Dataset records:
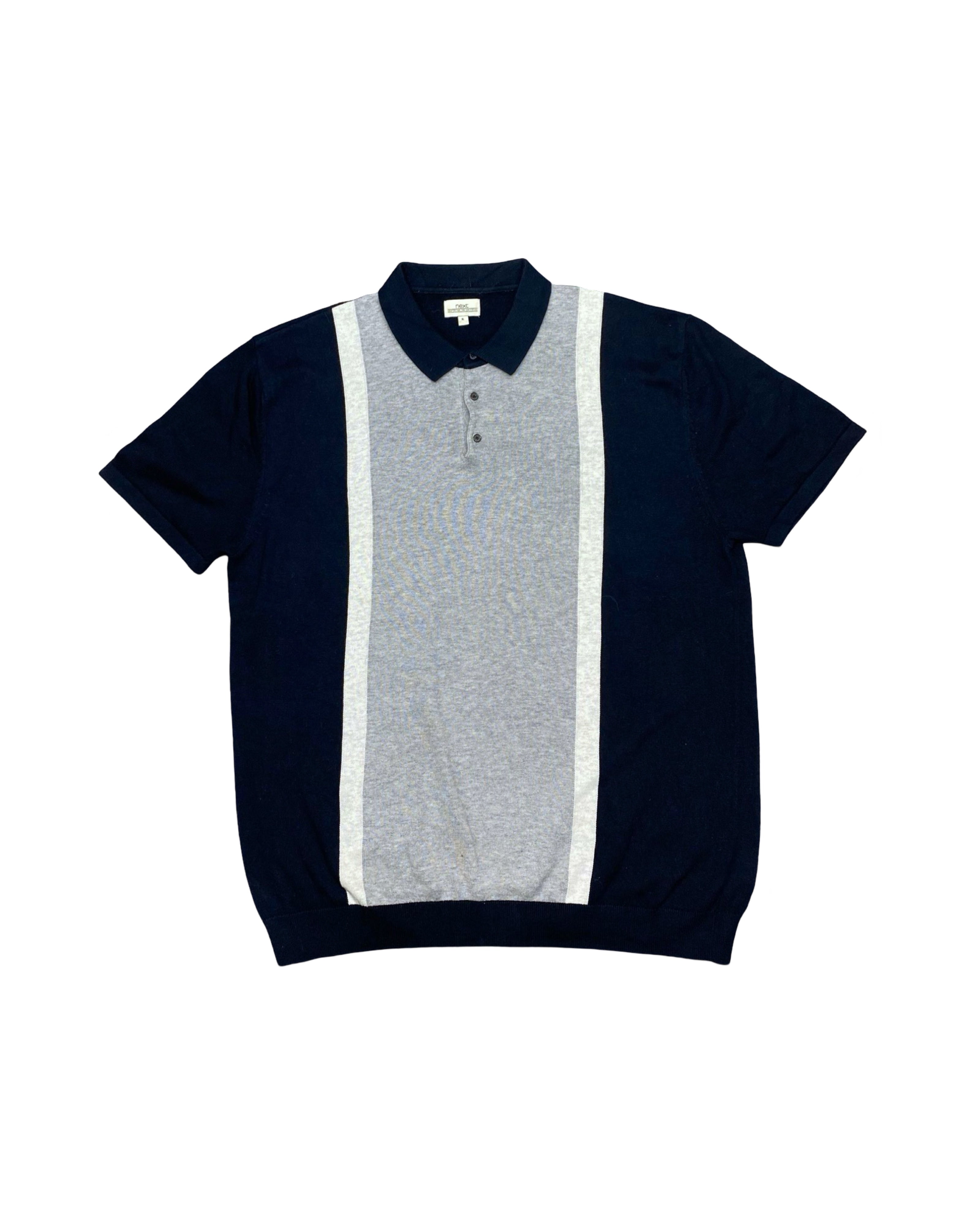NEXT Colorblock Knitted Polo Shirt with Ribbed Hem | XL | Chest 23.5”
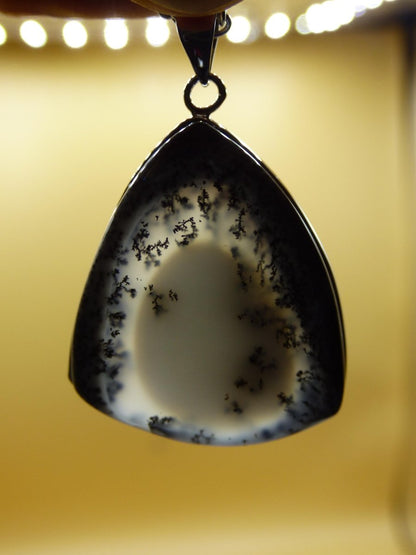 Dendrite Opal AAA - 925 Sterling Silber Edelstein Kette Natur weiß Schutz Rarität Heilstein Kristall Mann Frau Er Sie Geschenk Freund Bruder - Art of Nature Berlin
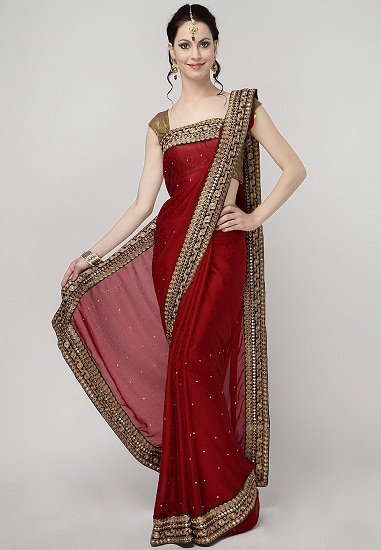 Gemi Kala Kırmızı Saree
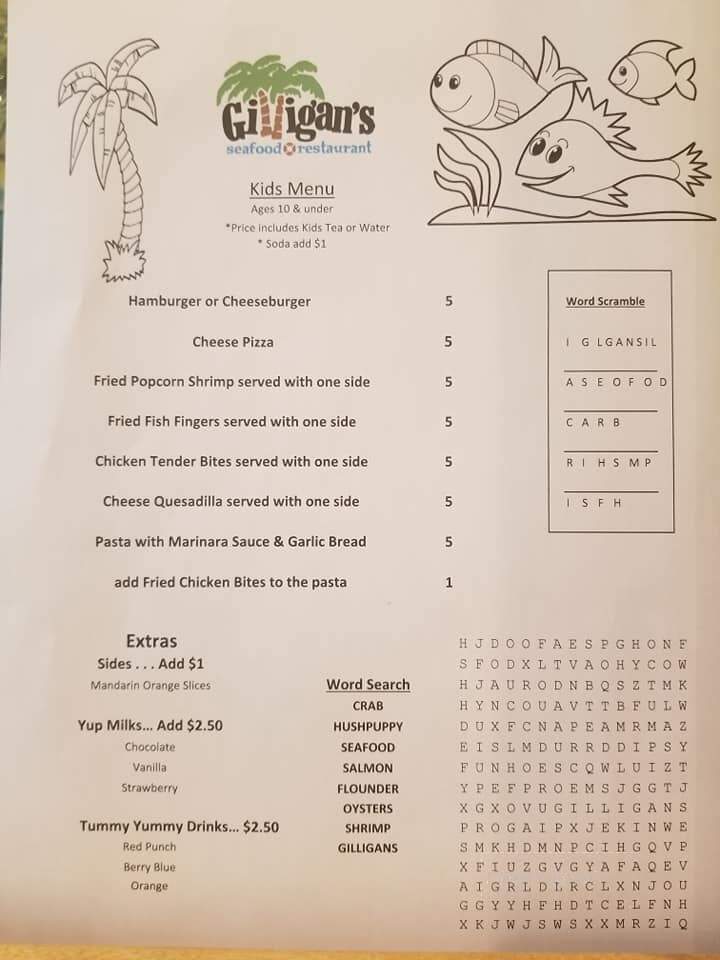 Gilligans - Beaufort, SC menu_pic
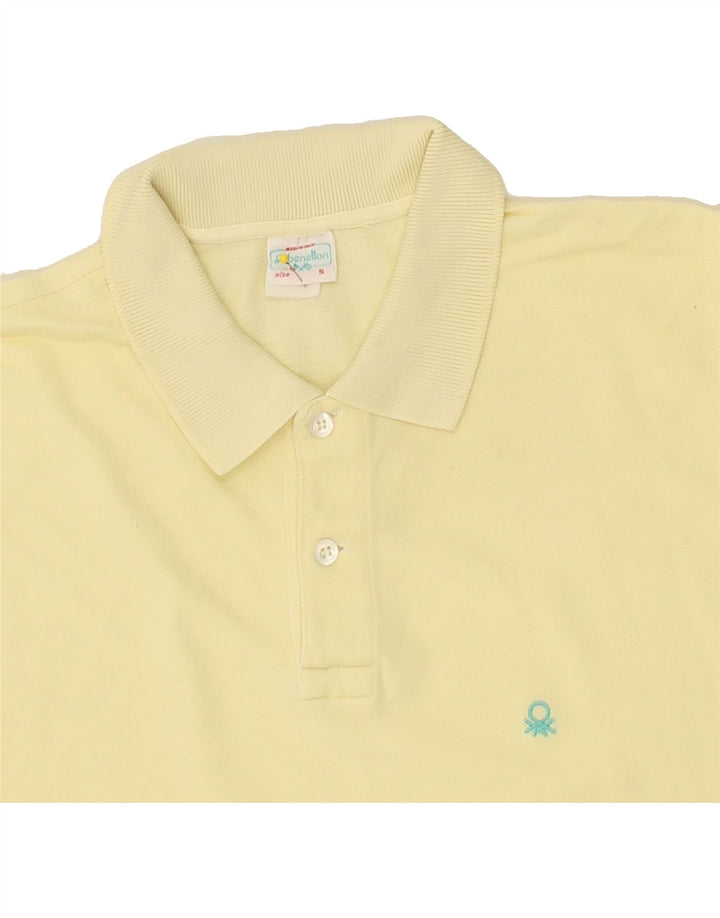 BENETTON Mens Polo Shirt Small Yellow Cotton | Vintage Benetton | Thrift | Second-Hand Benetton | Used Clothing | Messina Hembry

Exercise prompt: The answer must be the lines above from the line that contains "Gemi Kala Kırmızı Saree" to the final line of the data, word for word, with no pictures.

Answer box:
 Gemi Kala Kırmızı Saree
 Gilligans - Beaufort, SC menu_pic
 BENETTON Mens Polo Shirt Small Yellow Cotton | Vintage Benetton | Thrift | Second-Hand Benetton | Used Clothing | Messina Hembry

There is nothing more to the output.